IP and LC experiences of changes in their climate and environment are not necessarily or uniquely attributed to anthropogenic climate change. These changes may be driven by agents or objects unrecognized by scientific frameworks (e.g., [60]), as is supported by LICCI Consortium findings (e.g., Sites #2; #25; #44). The Tsimane’ people (Bolivia) report that disrespectful behaviour towards the guardian spirits of nature generates their anger and punishment, resulting in environmental change (Site #44). Bassari people (Senegal) attribute unpredictability and shortening of the rainy season to the abandonment of the rainmaking rituals (Site #2). While attributing change to divine agents or objects may be seen to shift the responsibility away from humans, it can also highlight the lack of stewardship resulting from human destruction of nature [61].

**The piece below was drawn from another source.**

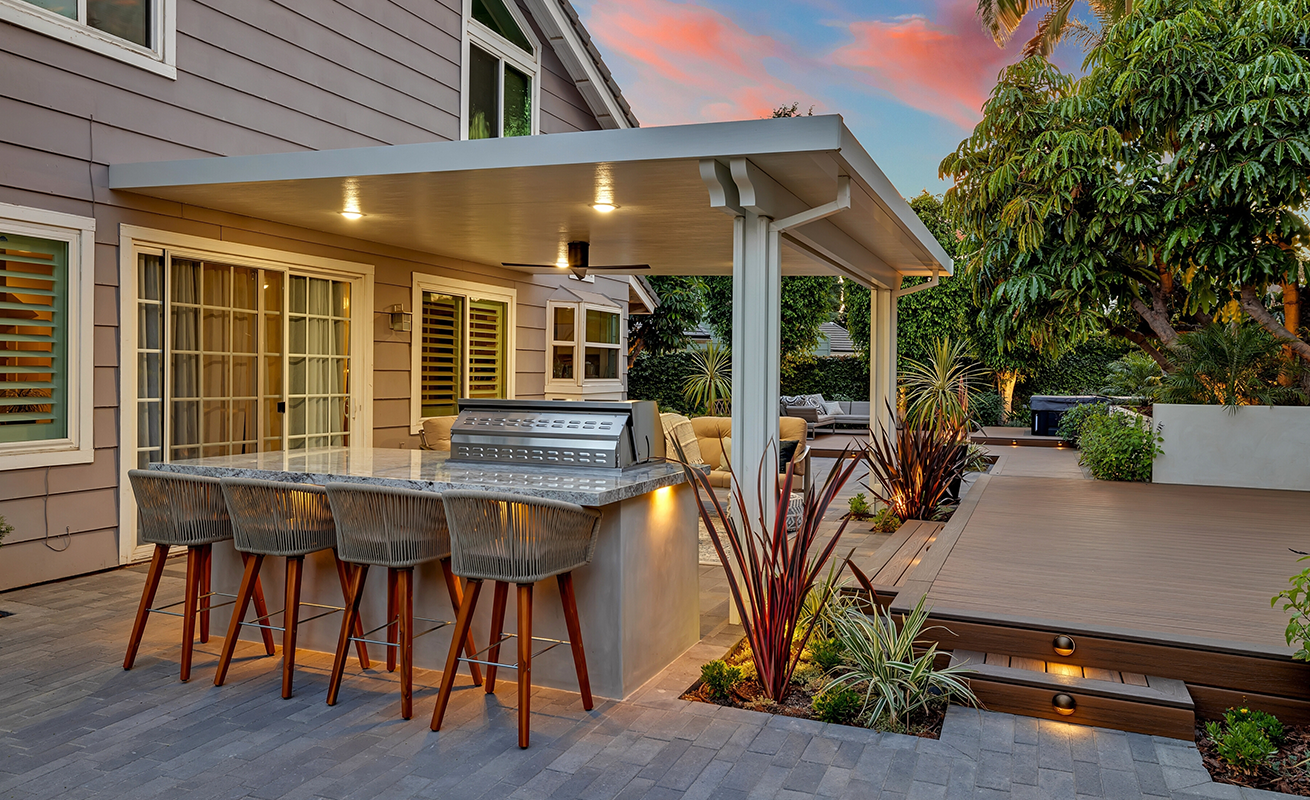 Modern outdoor kitchen and backyard entertaining area.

Divergent cosmologies and understandings of change highlight the challenges of conducting climate change research involving different knowledge systems (e.g., [62]). Previous work has often relied on the problematic assumption that specific aspects of Indigenous and local knowledge systems can be isolated, documented, categorized, and “integrated” into mainstream science, ignoring their own internal validation processes [63]. Critical researchers argue for the need to situate knowledge production, recognizing the existence of diverse knowledge systems, while acknowledging power inequalities within these systems [64, 65]. By involving diverse expertise, knowledge, and actors, knowledge co-production is crucial for tackling climate change impacts and, more generally, within sustainability research. In this line, such knowledge co-production should be context-specific pluralistic -recognizing the multiplicity of knowledge and worldview, articulated around defined and shared goals through an interactive approach with all the actors involved [66]. When working with IP and LC, this requires decolonizing research processes, building respectful partnerships among knowledge systems, and radically transforming the dynamics between them, acknowledging knowledge-holders’ primary responsibilities to their communities [53, 67].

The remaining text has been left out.